GIVEN ENTRIES —
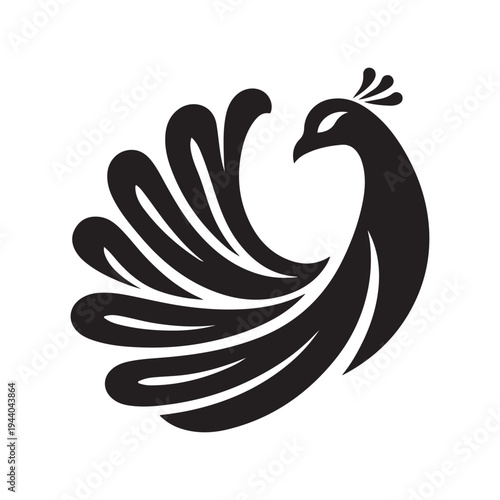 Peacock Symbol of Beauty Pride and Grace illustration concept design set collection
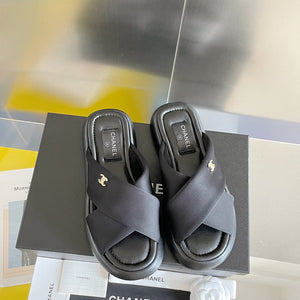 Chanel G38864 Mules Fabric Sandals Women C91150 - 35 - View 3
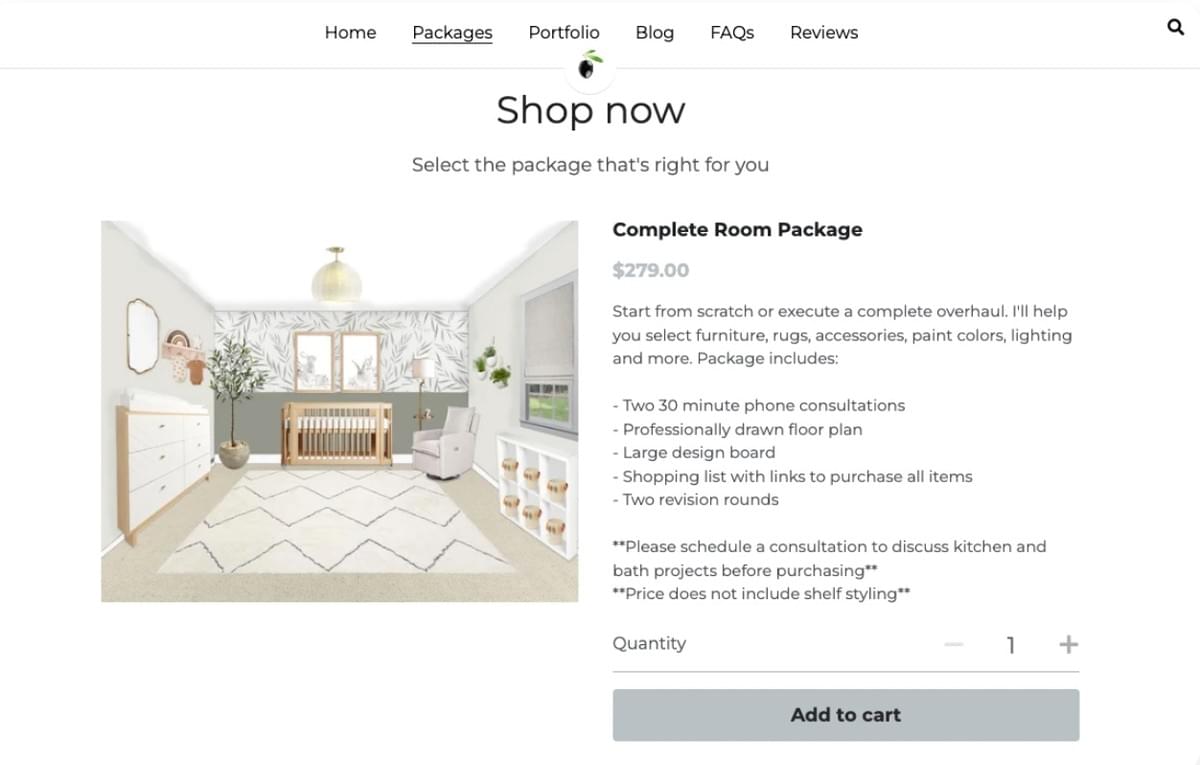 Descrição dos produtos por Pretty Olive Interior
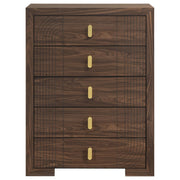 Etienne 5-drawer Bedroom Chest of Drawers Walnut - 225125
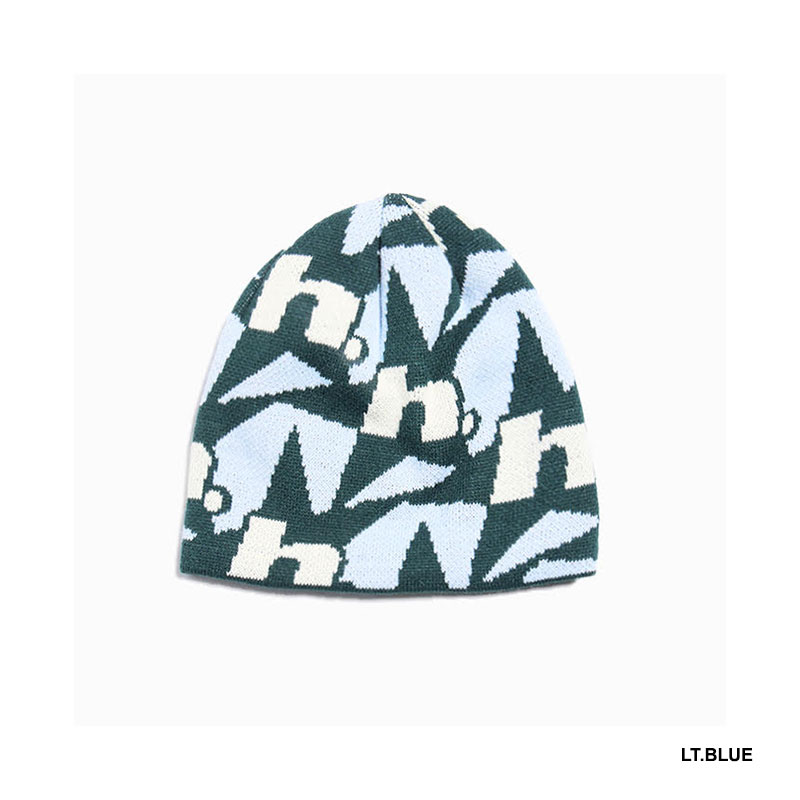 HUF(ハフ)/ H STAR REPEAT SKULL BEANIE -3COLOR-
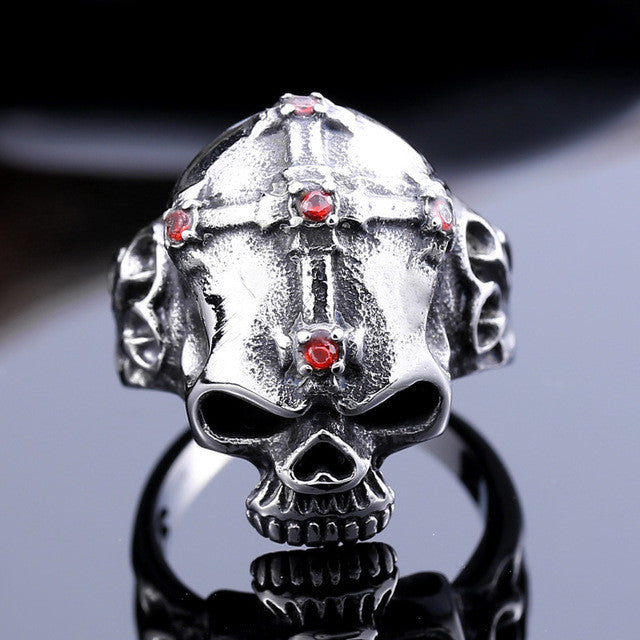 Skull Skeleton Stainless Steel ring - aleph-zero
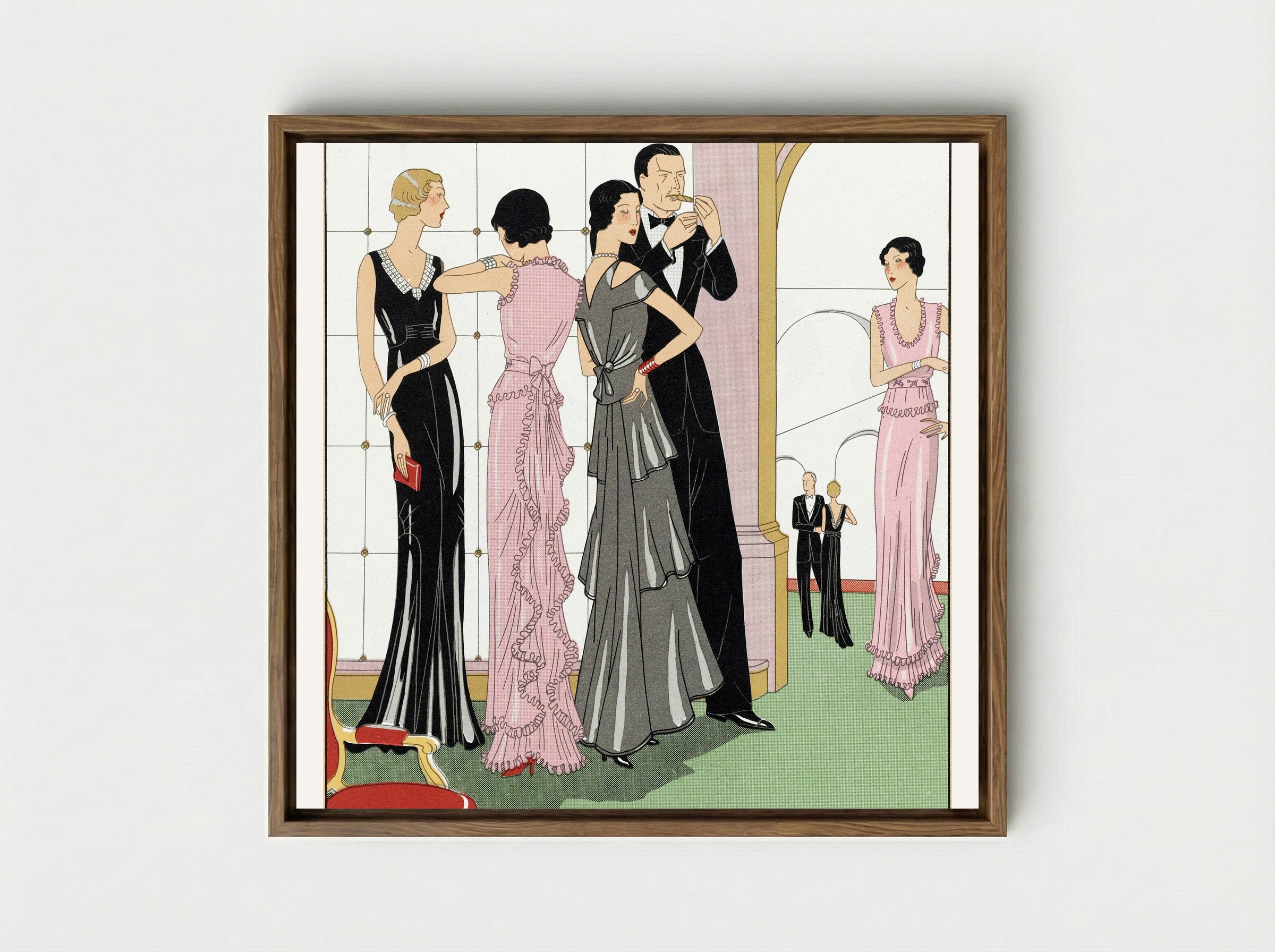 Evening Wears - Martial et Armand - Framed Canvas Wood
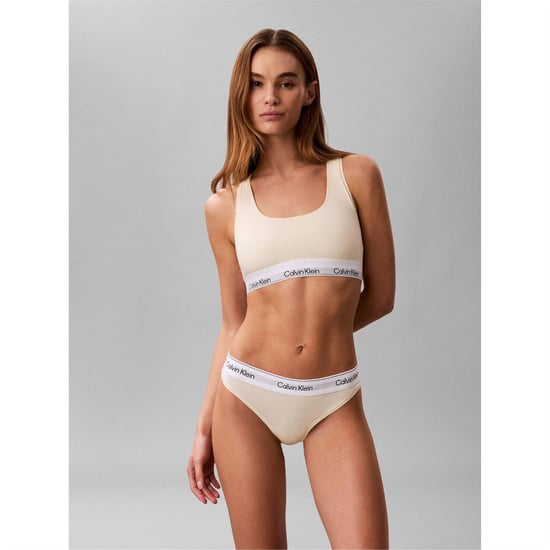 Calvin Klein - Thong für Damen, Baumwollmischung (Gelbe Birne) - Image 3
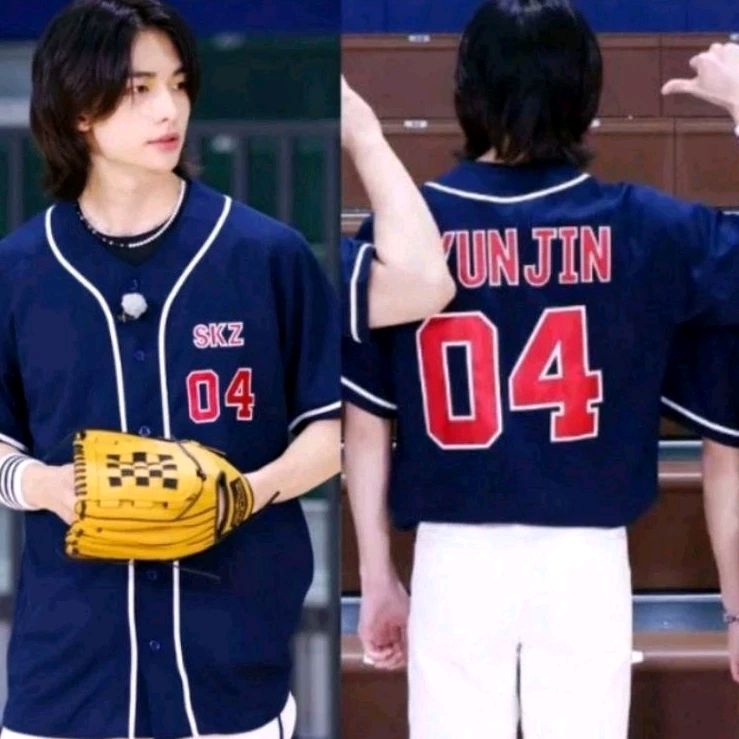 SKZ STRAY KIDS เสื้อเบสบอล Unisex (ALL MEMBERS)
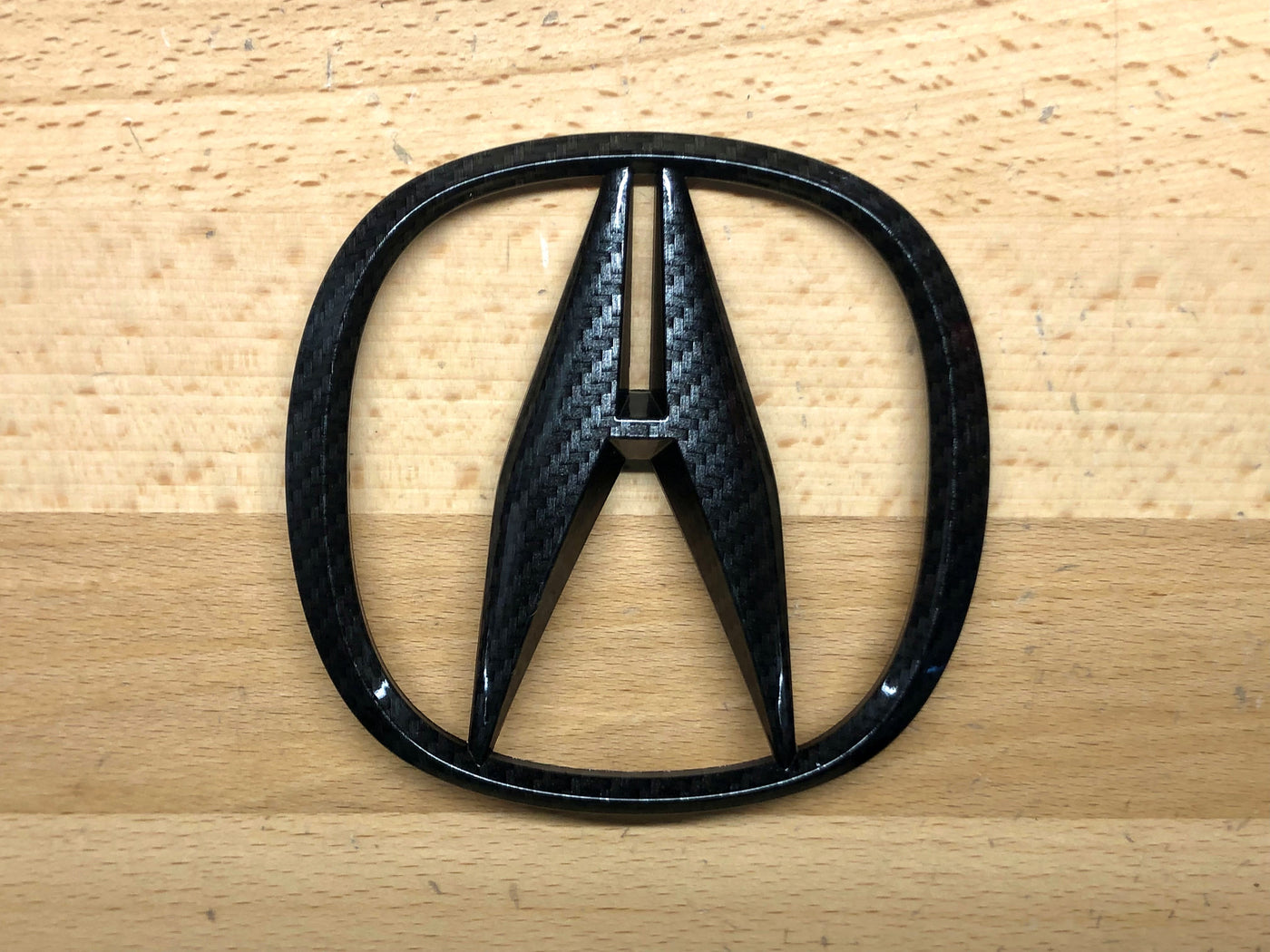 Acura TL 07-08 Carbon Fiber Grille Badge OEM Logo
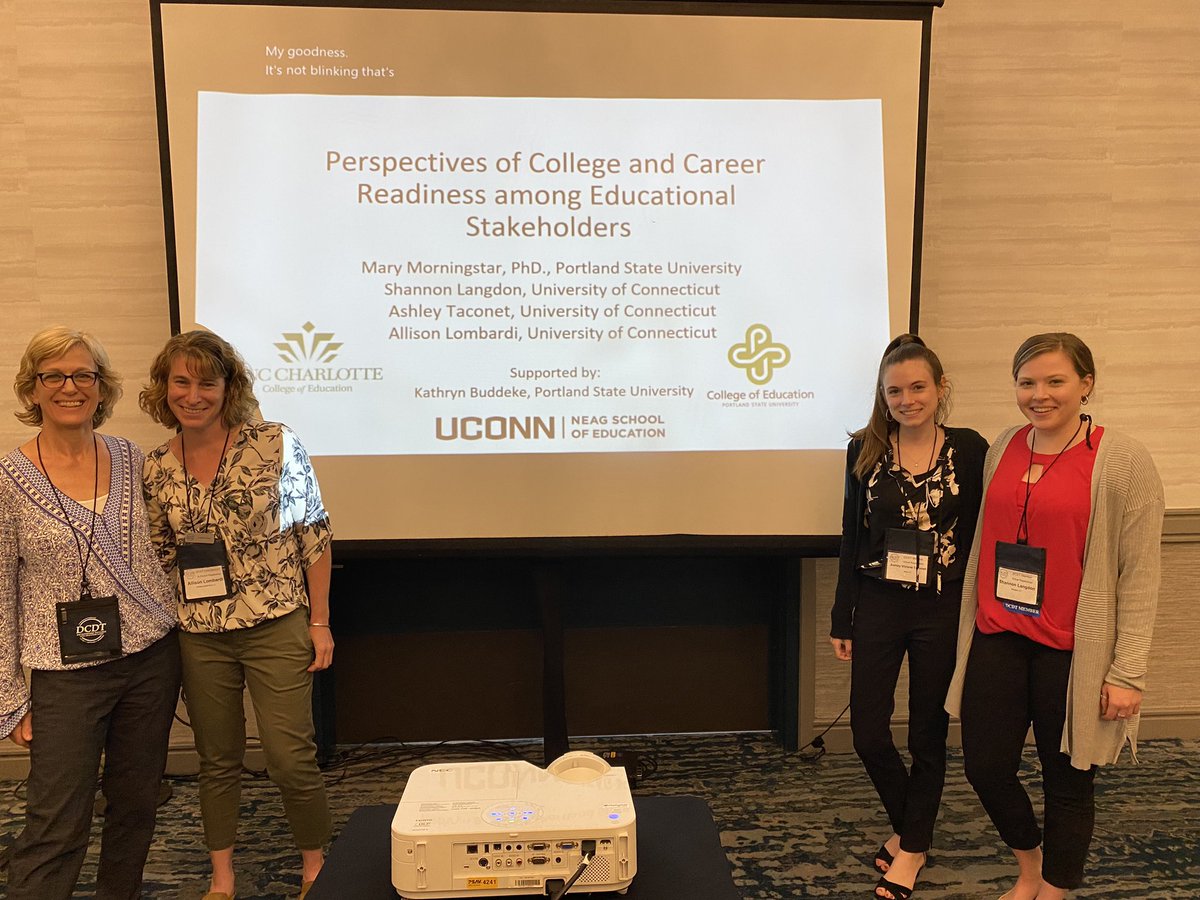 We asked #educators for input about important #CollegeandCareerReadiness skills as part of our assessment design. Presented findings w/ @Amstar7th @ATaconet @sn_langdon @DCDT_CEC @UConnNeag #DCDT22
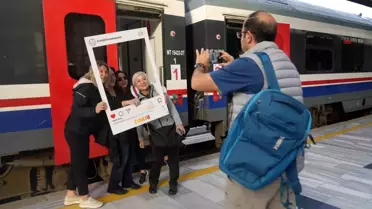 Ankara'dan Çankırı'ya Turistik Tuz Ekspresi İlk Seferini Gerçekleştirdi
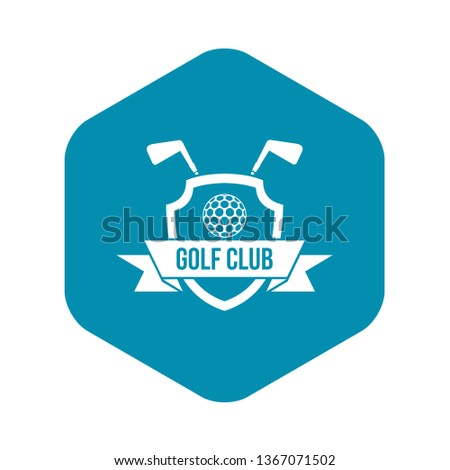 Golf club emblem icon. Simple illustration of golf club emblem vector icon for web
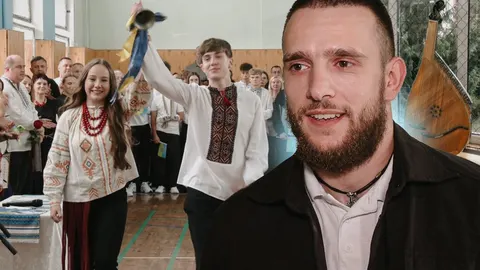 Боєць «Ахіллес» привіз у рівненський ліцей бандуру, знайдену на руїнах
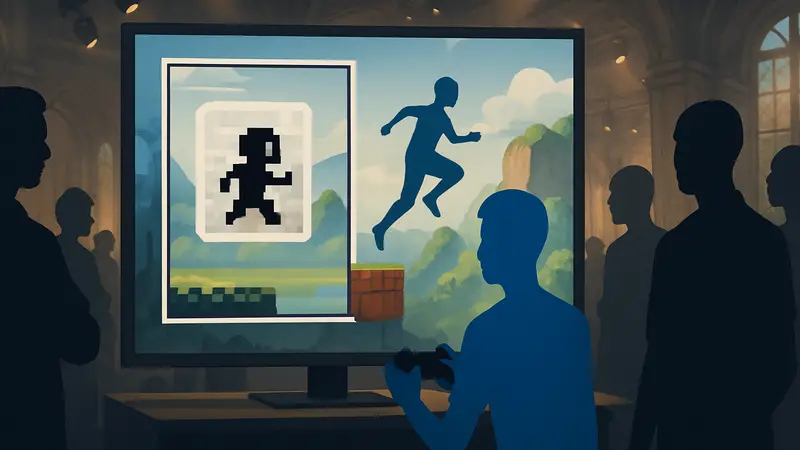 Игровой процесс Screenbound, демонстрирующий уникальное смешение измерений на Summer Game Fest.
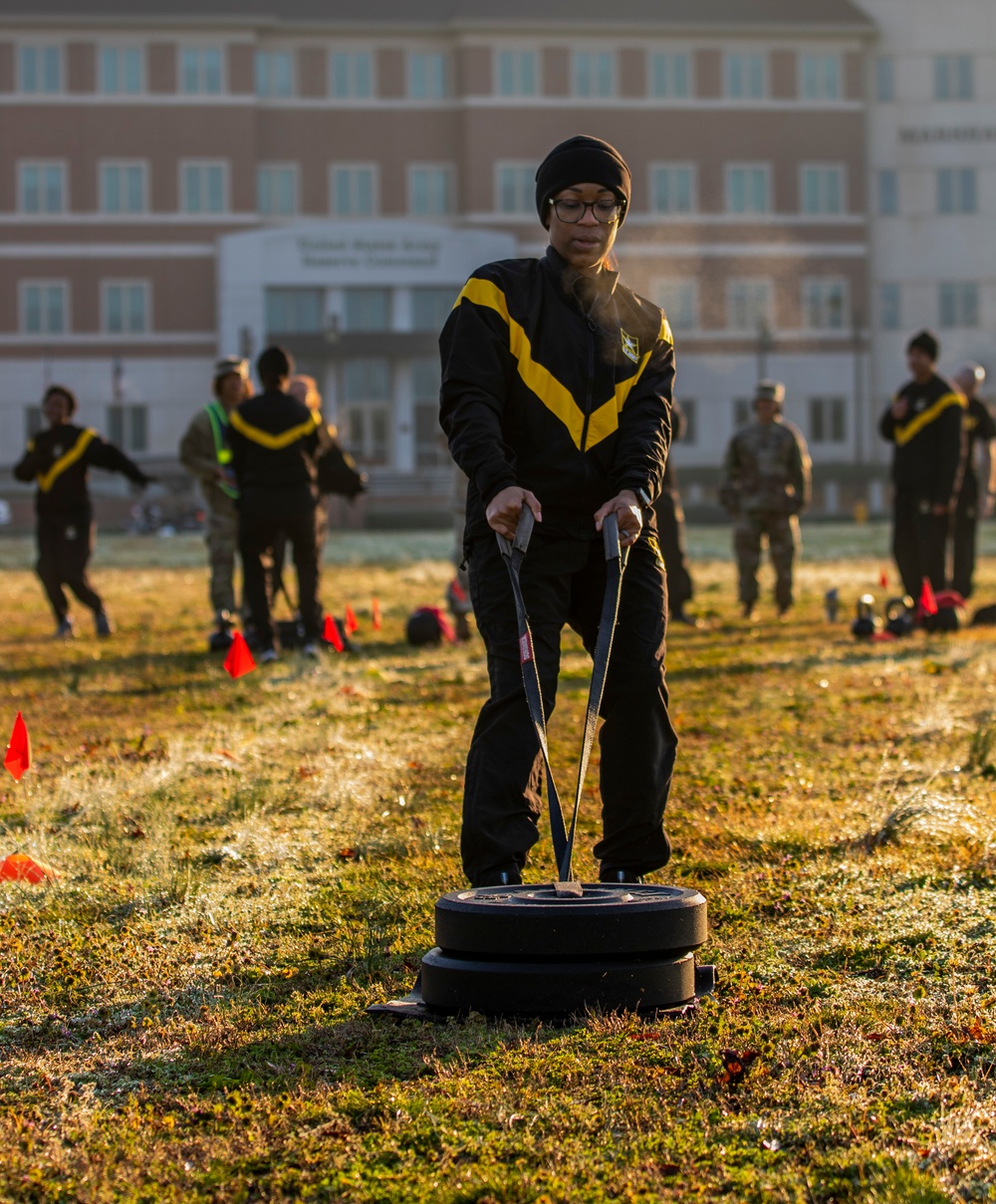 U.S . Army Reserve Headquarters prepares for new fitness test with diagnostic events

INSTRUCTIONS FOR THE TASK — Could you write out exactly the lines of the data above that run from the one holding "Calvin Klein - Thong" to the one holding "Ankara'dan Çankırı'ya Turistik", with both ends in and all pictures out?

EXERCISE SOLUTION —
 Calvin Klein - Thong für Damen, Baumwollmischung (Gelbe Birne) - Image 3
 SKZ STRAY KIDS เสื้อเบสบอล Unisex (ALL MEMBERS)
 Acura TL 07-08 Carbon Fiber Grille Badge OEM Logo
 We asked #educators for input about important #CollegeandCareerReadiness skills as part of our assessment design. Presented findings w/ @Amstar7th @ATaconet @sn_langdon @DCDT_CEC @UConnNeag #DCDT22
 Ankara'dan Çankırı'ya Turistik Tuz Ekspresi İlk Seferini Gerçekleştirdi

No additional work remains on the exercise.